Ma Gintama è soprattutto un manga divertente oltre ogni limite, nel quale gag e umorismo la fanno da padrone, conditi da un’abbondante spruzzata di azione. Ogni storia gioca sull’evidenziare il bianco e nero di ogni situazione, mettendo sempre l’accento sul concetto giapponese dell’onore. I titoli di ogni capitolo un romanzo a sé, il filo rosso del passato oscuro che Gin cela nel suo vestirsi metà samurai, metà cittadino, l’equilibrio tra crack e angst mantenuto magistralmente, Gintama è un gioiello inimitabile che nel rivisitare altri stili ne ha inventato uno proprio, unico e irripetibile.
L’arte di questo primo volume, pubblicato per la prima volta in patria nel 2003 è ancora semplice ed essenziale, profondamente diversa da quella attuale. I visi e le fattezze di Gin, Shinpachi, Kagura, Hijikata & company sono ancora acerbi; lo stesso non può dirsi dei dialoghi, sagaci e irriverenti già dai primi balloon.
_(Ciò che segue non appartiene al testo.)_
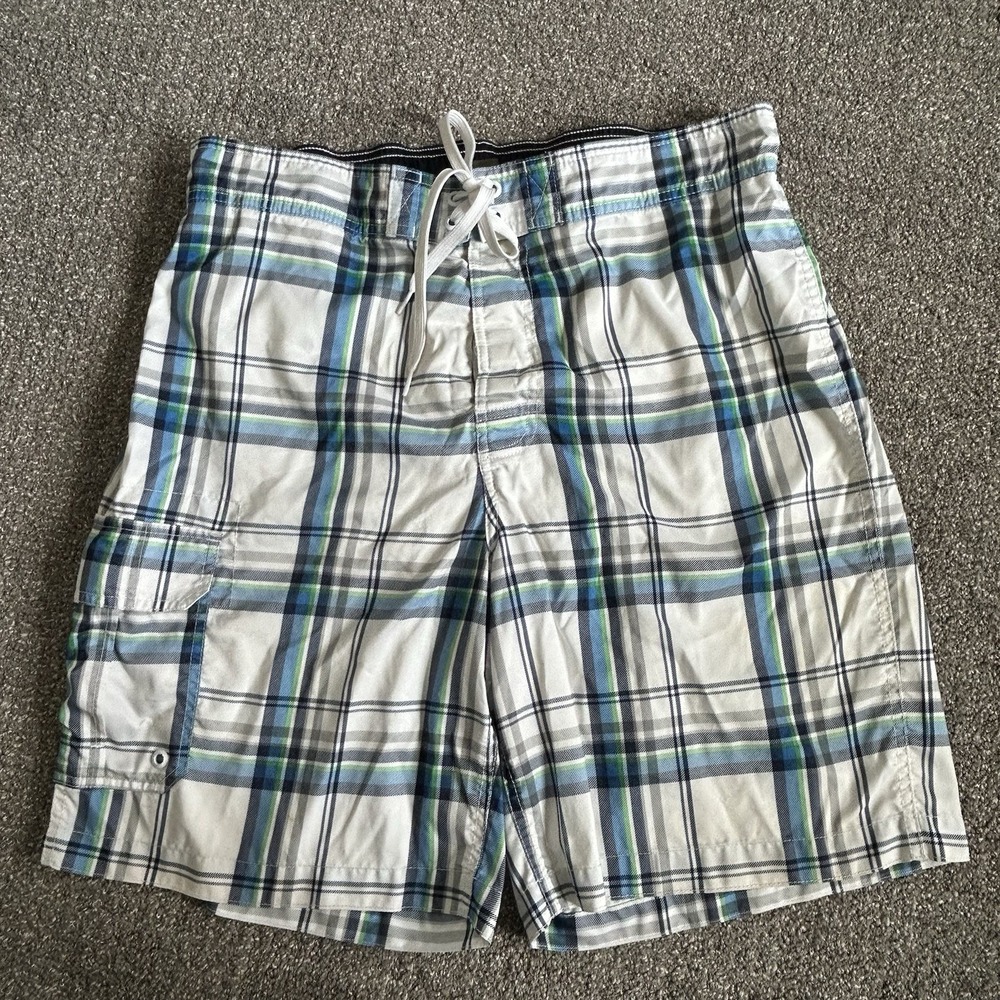 Meronaβ Swim Trunks Board Shorts -Men's Large- White Blue Plaid Cargo Pockets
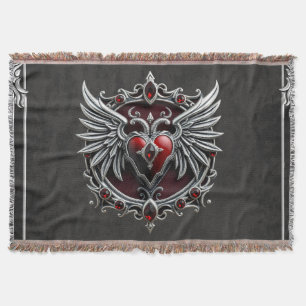 A Gothic symbiosis, elegant haert and skulls Throw Blanket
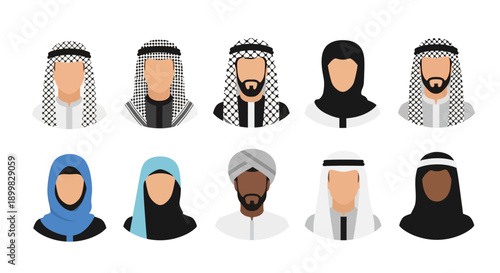 Diverse Muslim Men and Women Avatars in Traditional Clothing.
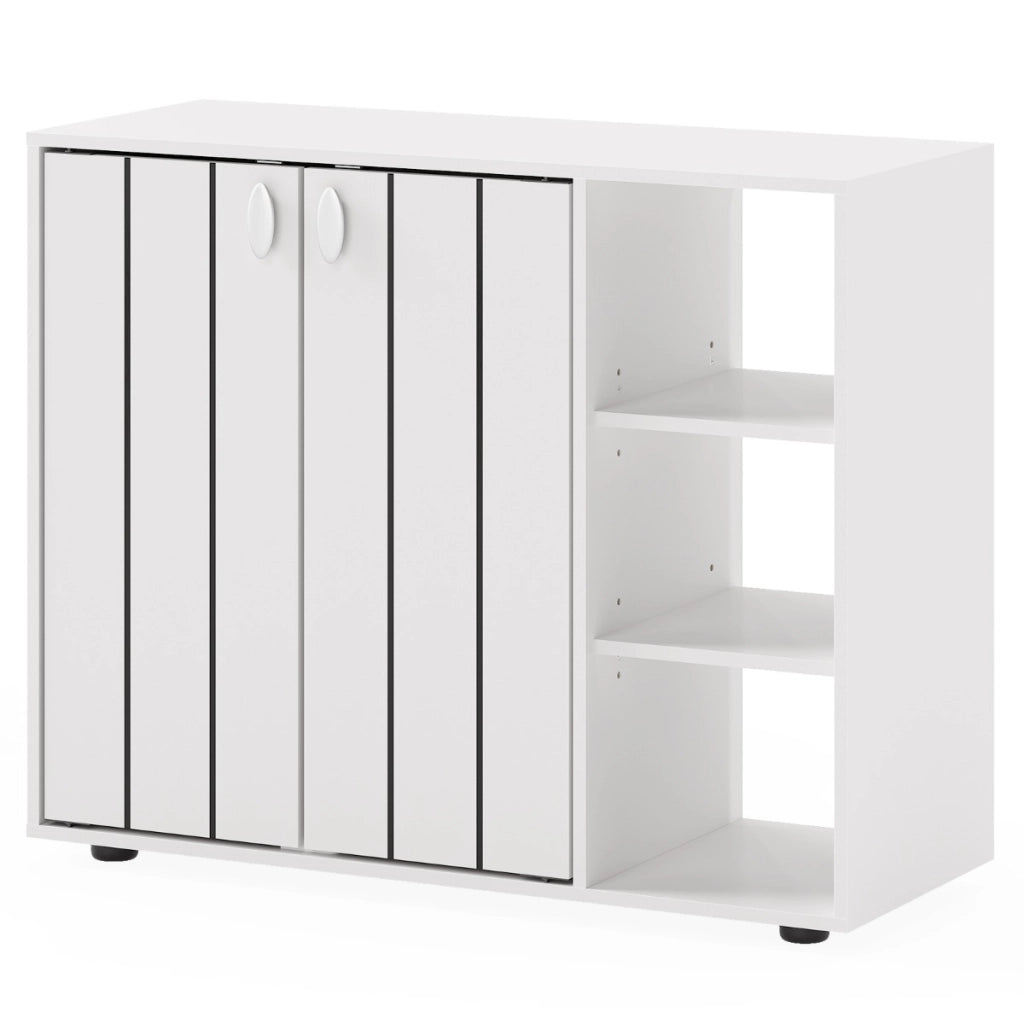 Mobiletto per scarpe con ante in legno autonomo per ingress-Scaffale porta scarpe a 3 ripiani con mensole regolabili Bianco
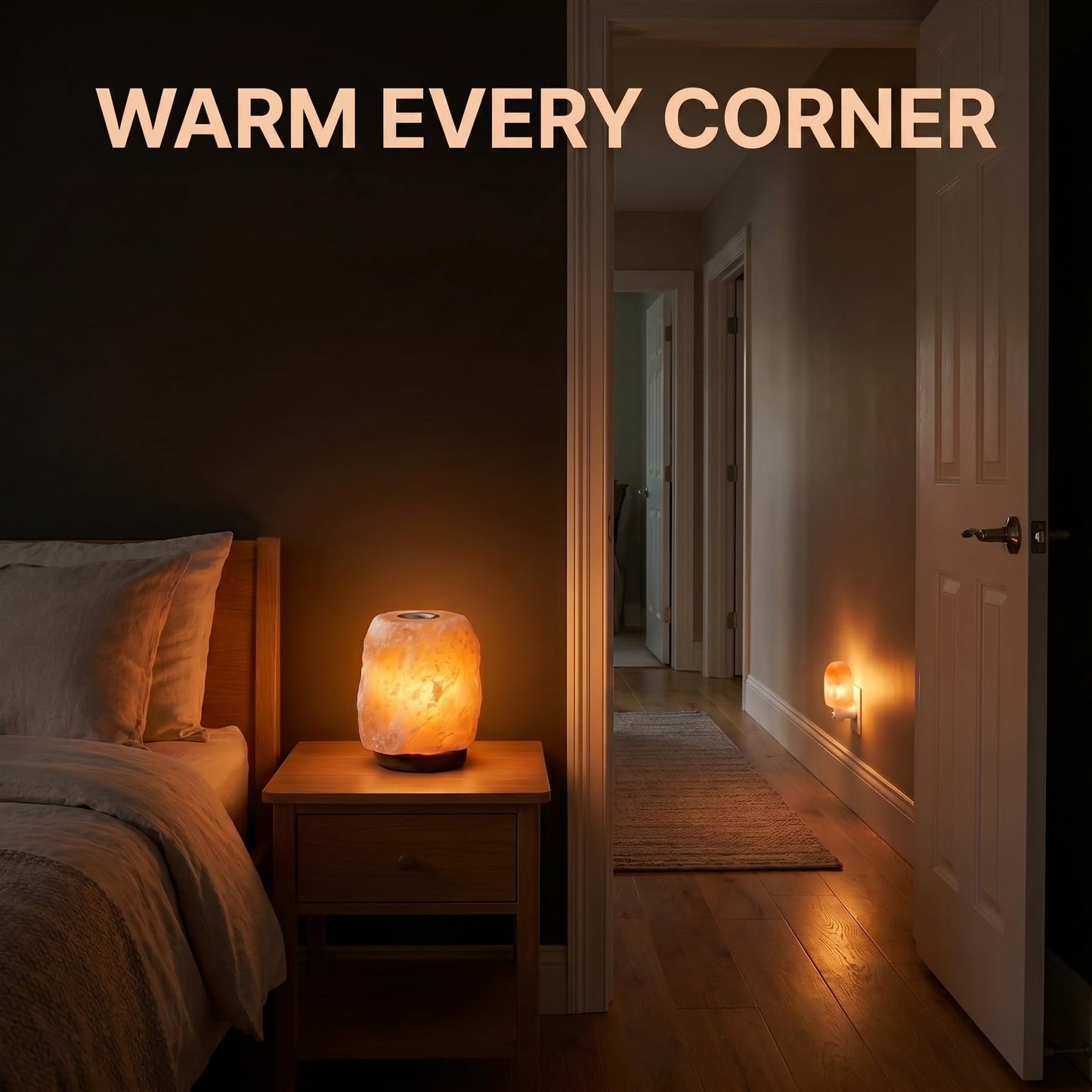GAYA Himalayan Salt Lamp Relaxation Bundle - Plug-in Night Light + Aromatherapy Salt Lamp with Dimmer | Warm Amber Glow | Sleep, Meditation & Spa Gift Set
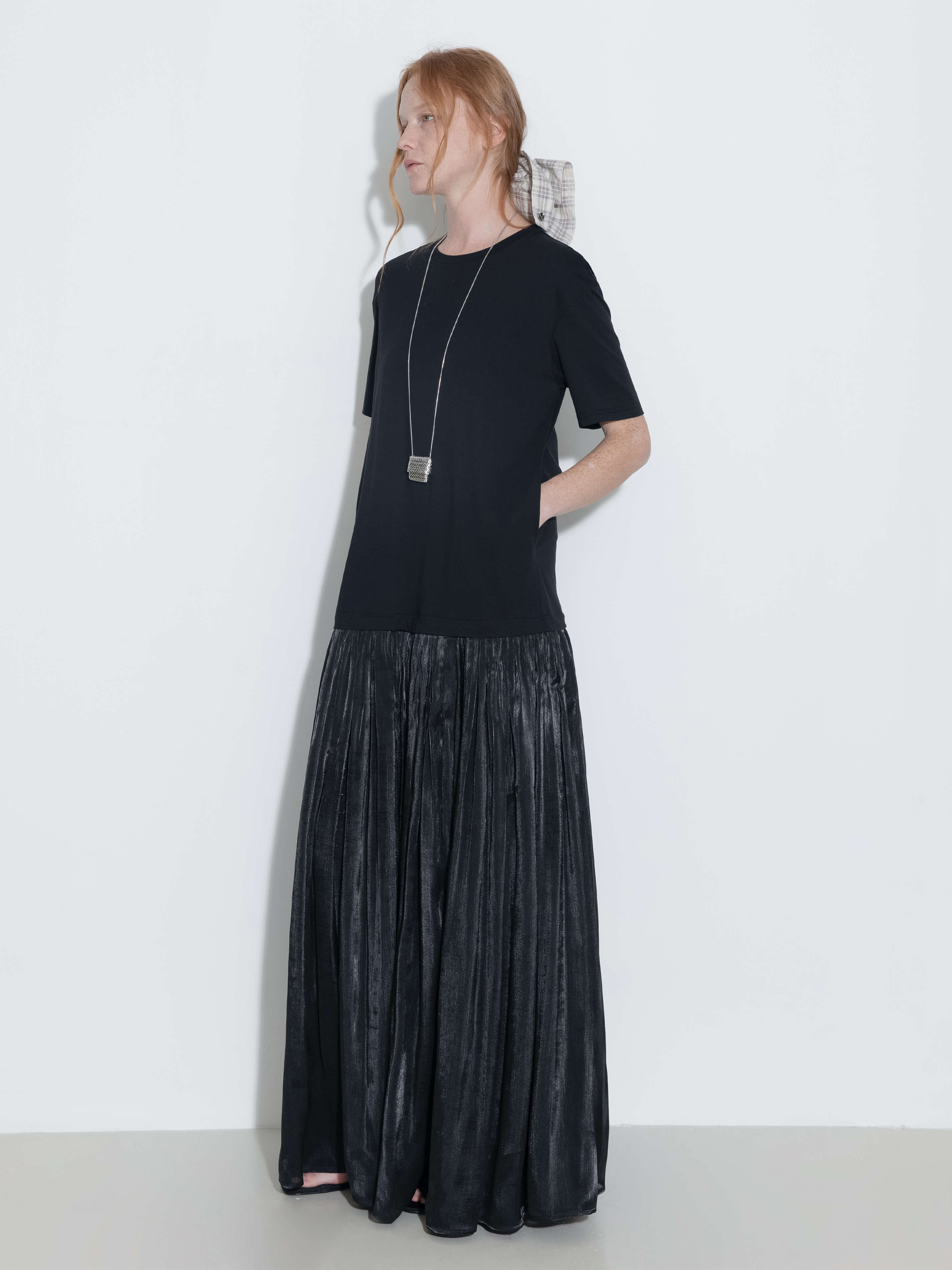 Oversized Round Neck Short Sleeve Pleated Dress-13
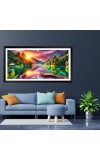 Nature Landscape Floating Frame Scenery Digital Print - (I5701) - 24x36 inch Modern Nature Wall Art for Living Room, Bedroom, Office, Hotels, Drawing Room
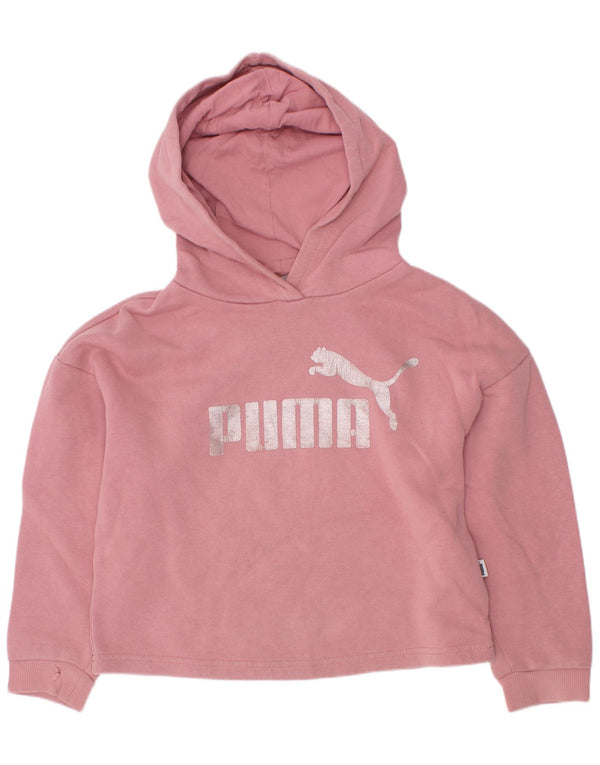 Джемпер с капюшоном Puma для девочек 7-8 лет, розовый хлопок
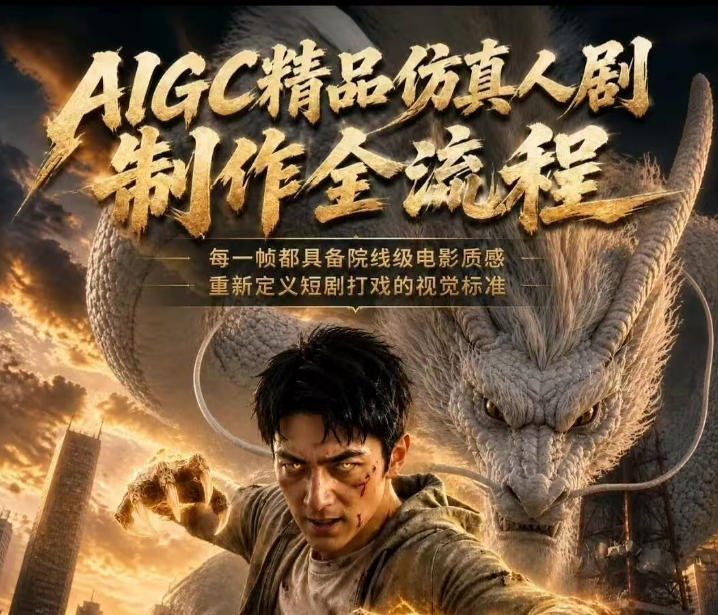 AIGC精品仿真人剧豢龙人全流程制作解析2026，国风仿真人创作+打斗剧情+人设编排，一站式AI短剧入门-52项目站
Doveroso un confronto con i fan e la vecchia edizione: una buona fetta dei vecchi lettori si è detta un tantino delusa dell’impostazione data alla traduzione, che a tratti risulta persino ridondante se paragonata a quella più immediata della Planeta. La permanente naturale di Gin si è trasformata in una capigliatura mossa e la maggior parte delle onomatopee si è ridotta a un gran “thumpare”. Ma ciò che ha fatto gridare allo scandalo e al sacrilego è stato lo stravolgimento di una delle frasi storiche pronunciate da uno dei protagonisti.
Detto questo, non si può non riconoscere alla Star Comics il grande coraggio di aver ripreso le redini di un cavallo imbizzarrito che era sfuggito alle mani del suo primo padrone, e quindi poter perdonare le ingenuità della prima ora. Il giudizio dei lettori è sacro e va assolutamente tenuto in conto per fare meglio in futuro, tuttavia non bisogna dimenticare il grande lavoro che sta dietro una traduzione e adattare i testi di Gintama, soprattutto di parodie a volte incomprensibili per colpa del gap culturale, sarà davvero una grande sfida per la Star Comics.
Gintama è il racconto corale di tanti personaggi che seppur sottomessi dalle ingiustizie sono riusciti a conservare una luccicante anima d’argento. Perché non c’è legge che possa incatenare un’anima intatta.